So they're leaving this coming Sunday. They've only just booked their flights two days ago, so it's been quite the news to get used to.

The longest Skye and I have ever been apart was when she had traveled to Ireland with friends, and stayed with one of my best friends, so she could start school, while I was finishing up the last bits and pieces in the Netherlands.
It didn't go as quickly as I'd hoped back then, mainly because I didn't really get any help until the very last days, so she ended up being in Ireland for 6 weeks until I followed her there with her two siblings.
It was harder for her at the time because I was busy around the clock, trying to juggle taking care of the two little ones, who were only 3 and nearly 2 years old.
I remember we went to the open swimming pool on September 23rd because it was 28 degrees Celsius two days that month. Two weeks later we'd be in the car, packed up like some nomads, on our way to the ferry to Ireland.
After that, it'd be a long time till she'd be anywhere else but at home with us.

So even though I knew that this day was coming someday, I didn't quite expect it to be so soon...

I had hoped we could make a life together here in Mexico, and eventually they'd fly the nest and either stick around here, or do whatever they felt like doing. Maybe travel the Caribbean or something, working their way through their travels. Anything but go back to Europe...

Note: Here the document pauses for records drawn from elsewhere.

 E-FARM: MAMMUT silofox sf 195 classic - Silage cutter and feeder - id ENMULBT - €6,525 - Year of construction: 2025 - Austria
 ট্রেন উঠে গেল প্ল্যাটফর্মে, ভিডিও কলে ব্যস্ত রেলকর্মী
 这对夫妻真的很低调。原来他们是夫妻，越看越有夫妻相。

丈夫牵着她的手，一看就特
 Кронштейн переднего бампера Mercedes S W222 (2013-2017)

There are reasons why we left Europe in the first place but, of course, their generation sees things differently, and most people would, than I do.
I know Europe is huge and they can go wherever they want there, and work wherever they want there too. That's the upside of being European I guess.

Things haven't always been perfect here either. I mean we live in Paradise. The weather is always amazing. The people are amazing, although they haven't met as many as I have. But life deals the bad cards as well as the Aces, and in our case, these bad cards made it nearly impossible to even just survive, let alone thrive lately.

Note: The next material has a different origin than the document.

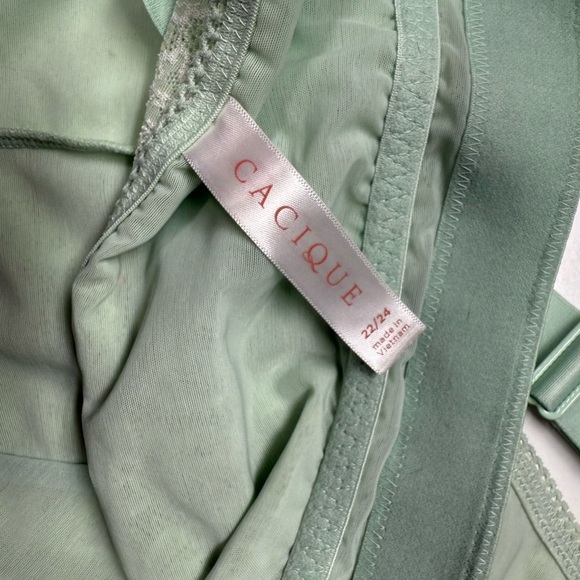 Cacique Light Green Lace Bralette - Picture 3 of 6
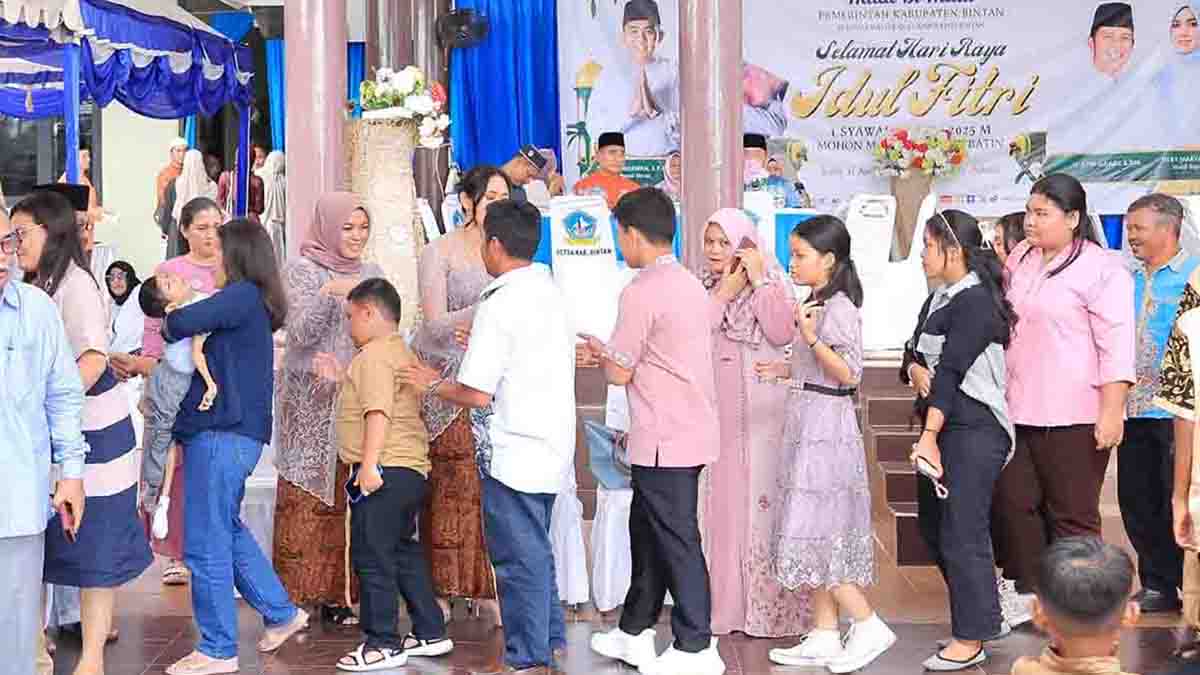 Wakil Bupati Bintan Gelar Open House, Warga Antusias Hadiri Kediamannya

I know that this will change very soon. It's already in progress.
But having 3 adults in one house, and with them wanting to be independent...well, it just didn't work out the way we would like to see it.

Now, @camthecreator was always planning to go back, at least for a while, to sort a few things left unsorted in Ireland. Then there's also his family to consider.
There are many good reasons to stay, and there are probably many more reasons why they should go.

Lately, there have also been a few arguments between my daughter and I.
Nothing huge or major but I think it's mainly frustration coming from both of us.
Frustration over the things we don't seem to be able to change right now.
And with that, things are being said that can be hurtful, whether they're meant or true or not. I think there's always some kind of truth in those things, and whether I agree or not, doesn't matter. There's nothing that I can do right now to change these things.

I guess, there will always be a time in our lives, where we have to cut the cords, in our case the proverbial umbilical cord, and hope that the bond we had becomes stronger because of it.

My Thoughts

Of course, I want nothing but the best for them.
@camthecreator has lived with us for more than two years, and was a huge part of all of our lives for even longer. He's like the extra child in the house, even though he wasn't really a child, of course, but you know what I mean...
The two of them have been going through some rough patches but always managed to find mutual ground. I do admire them for that.
Their relationship has lasted longer than any of mine ever have.
So having to say good-bye to them will not be easy but it's something that needs to be done. I'm feeling all kinds of different emotions at the moment, which I'm sure is quite normal. It must have been the same my mother has felt when I left for years, and what Cam's mother felt when he left.
That it's normal, doesn't mean I need to like it...

The Phone call yesterday with my sister
My sister called me yesterday for my birthday. A few days before this, I'd already sent her a message mentioning that she'd get visitors for a few days, as the both of them will be staying with her for 5 days before traveling on to Ireland.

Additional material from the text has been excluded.